Vrijwilligheid en vrijblijvendheid leveren onvoldoende resultaat

36 01

‘Circulaire installaties’ is een thema dat steeds meer aandacht krijgt in het licht van de schaarsheid van grondstoffen en de klimaatproblematiek. Vanuit de overheid worden handvatten aangereikt en verschillende bedrijven maken ook serieuze stappen, maar van een ‘gemeengoed’ is nog lang geen sprake. Om door te kunnen pakken is het belangrijk dat vooral de aanbodzijde in actie komt, zodat de markt voldoende keuze heeft.

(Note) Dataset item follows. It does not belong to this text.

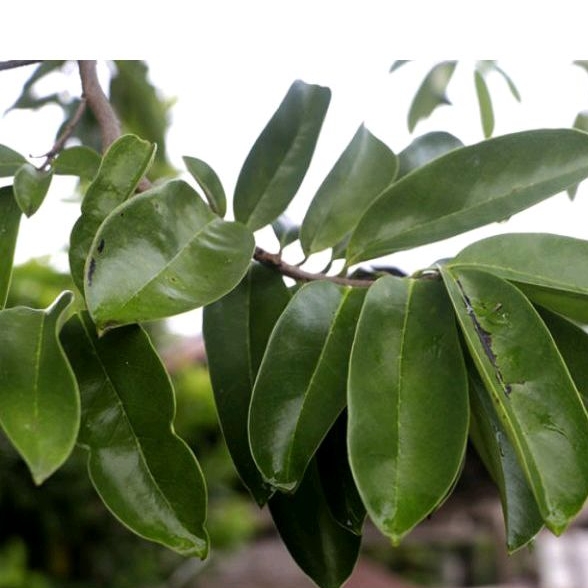 

Daun Sirsak Langsung Petik Dari Pohon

‘Circulariteit’ is een volgend containerbegrip als opvolger (of aanvulling?) op het thema duurzaamheid. Circulariteit gaat ervan uit dat materialen die we voorheen als ‘afval’ beschouwden en ook als zodanig behandelden, nu worden gezien als grondstof voor nieuwe producten. Hiermee raakt circulariteit sterk aan recycling, maar biedt daarbij extra mogelijkheden door volledige producten of juist onderdelen daarvan opnieuw te gebruiken.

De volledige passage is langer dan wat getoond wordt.